Updating to a new version
# Pull latest image
docker compose -f deploy/docker-compose.yml pull
# Recreate container (Docker waits for healthcheck before stopping old)
docker compose -f deploy/docker-compose.yml up -d
# Watch logs
docker compose -f deploy/docker-compose.yml logs -f --since 2m
Data backup (Docker)
docker run --rm \
-v hermes_data:/data \
-v $(pwd)/backups:/backup \
alpine tar czf /backup/hermes_data_$(date +%F).tar.gz /data
12. systemd Deployment
Install unit files
# From the repo root
sudo cp deploy/hermes-agent.service /etc/systemd/system/
sudo cp deploy/hermes-gateway.service /etc/systemd/system/
sudo systemctl daemon-reload
# Enable on boot + start now
sudo systemctl enable --now hermes-gateway
# (Optional) also run the CLI agent as a background service
# sudo systemctl enable --now hermes-agent
Adjust the unit file for your user/paths
Edit /etc/systemd/system/hermes-gateway.service:
[Service]
User=youruser # change from 'hermes'
WorkingDirectory=/home/youruser
EnvironmentFile=/home/youruser/.hermes/.env
ExecStart=/home/youruser/.local/bin/hermes gateway start --replace
Then:
sudo systemctl daemon-reload
sudo systemctl restart hermes-gateway
Verify
systemctl status hermes-gateway
journalctl -u hermes-gateway -f
13. Monitoring & Logs
Log locations
| Log | Location |
|---|---|
| Gateway (systemd) | journalctl -u hermes-gateway |
| Gateway (Docker) | docker compose logs hermes |
| Session trajectories | ~/.hermes/logs/session_*.json |
| Deploy events | ~/.hermes/logs/deploy.log |
| Runtime state | ~/.hermes/gateway_state.json |
Useful log commands
# Last 100 lines, follow
journalctl -u hermes-gateway -n 100 -f
# Errors only
journalctl -u hermes-gateway -p err --since today
# Docker: structured logs with timestamps
docker compose -f deploy/docker-compose.yml logs --timestamps hermes
Alerting
Add a cron job on the host to page you if the health check fails:
# /etc/cron.d/hermes-healthcheck
* * * * * root curl -sf http://127.0.0.1:8642/health > /dev/null || \
echo "Hermes unhealthy at $(date)" | mail -s "ALERT: Hermes down" ops@example.com
14. Security Checklist
.envhas permissions600and is not tracked by git (git ls-files .envreturns nothing).API_SERVER_KEYis set if the API server is exposed beyond127.0.0.1.- API server is bound to
127.0.0.1(not0.0.0.0) unless behind a TLS-terminating reverse proxy. - Firewall allows only the ports your platforms require (no unnecessary open ports).
- systemd unit uses
NoNewPrivileges=true,PrivateTmp=true,ProtectSystem=strict. - Docker container has resource limits set (
deploy.resources.limits). - Backups of
~/.hermes/are stored outside the server (e.g. S3, remote NAS). hermes doctorreturns no errors on the running instance.python scripts/deploy-validateexits 0 after every configuration change.
15. Troubleshooting
Gateway won't start
hermes gateway start --replace # clears stale PID files
# Check for port conflicts
ss -tlnp | grep 8642
# Verbose logs
HERMES_LOG_LEVEL=DEBUG hermes gateway start
Health check returns gateway_state: "starting" for more than 60 s
Platform adapters take time to authenticate (especially Telegram + Discord). Check logs for auth errors:
journalctl -u hermes-gateway --since "2 minutes ago" | grep -i "error\|token\|auth"

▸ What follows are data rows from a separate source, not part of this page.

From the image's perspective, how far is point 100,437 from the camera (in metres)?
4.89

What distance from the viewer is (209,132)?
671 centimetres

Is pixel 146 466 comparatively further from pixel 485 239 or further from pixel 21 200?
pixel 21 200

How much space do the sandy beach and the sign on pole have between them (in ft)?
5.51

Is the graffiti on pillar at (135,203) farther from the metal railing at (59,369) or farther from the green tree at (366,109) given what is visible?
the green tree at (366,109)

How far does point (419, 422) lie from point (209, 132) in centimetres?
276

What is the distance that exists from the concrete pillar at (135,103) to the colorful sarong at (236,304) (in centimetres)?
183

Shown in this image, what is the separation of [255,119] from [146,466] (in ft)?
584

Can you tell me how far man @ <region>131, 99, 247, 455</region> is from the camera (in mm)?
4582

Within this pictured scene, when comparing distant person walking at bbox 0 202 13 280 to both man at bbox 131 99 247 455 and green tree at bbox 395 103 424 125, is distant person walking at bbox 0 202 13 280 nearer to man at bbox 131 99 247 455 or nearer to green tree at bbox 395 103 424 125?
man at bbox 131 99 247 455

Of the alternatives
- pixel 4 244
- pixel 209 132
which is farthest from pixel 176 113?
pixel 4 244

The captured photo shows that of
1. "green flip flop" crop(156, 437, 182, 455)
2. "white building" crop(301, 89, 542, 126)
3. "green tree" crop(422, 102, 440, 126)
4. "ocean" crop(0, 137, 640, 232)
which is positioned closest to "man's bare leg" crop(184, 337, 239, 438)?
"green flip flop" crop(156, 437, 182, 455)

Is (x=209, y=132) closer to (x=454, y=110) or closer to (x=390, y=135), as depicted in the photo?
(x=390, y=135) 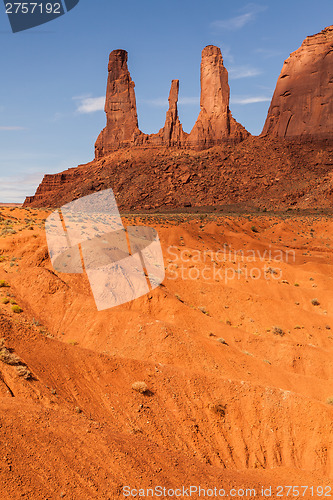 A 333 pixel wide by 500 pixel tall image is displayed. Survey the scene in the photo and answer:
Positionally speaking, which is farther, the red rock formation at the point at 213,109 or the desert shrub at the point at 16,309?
the red rock formation at the point at 213,109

/health returns connection refused
The API server platform may not be enabled. Verify your gateway config (~/.hermes/config.yaml) includes:
gateway:
platforms:
- api_server
Rollback needed after failed update
See Section 9. If you backed up before updating, rollback takes < 5 minutes.
Sessions lost after restart
Sessions are file-based in ~/.hermes/sessions/. They persist across restarts. If they are gone, check:
ls -la ~/.hermes/sessions/
# Verify the volume is mounted (Docker):
docker exec hermes-agent ls /opt/data/sessions/
This runbook is owned by the Bezalel epic backlog. Update it whenever deployment procedures change.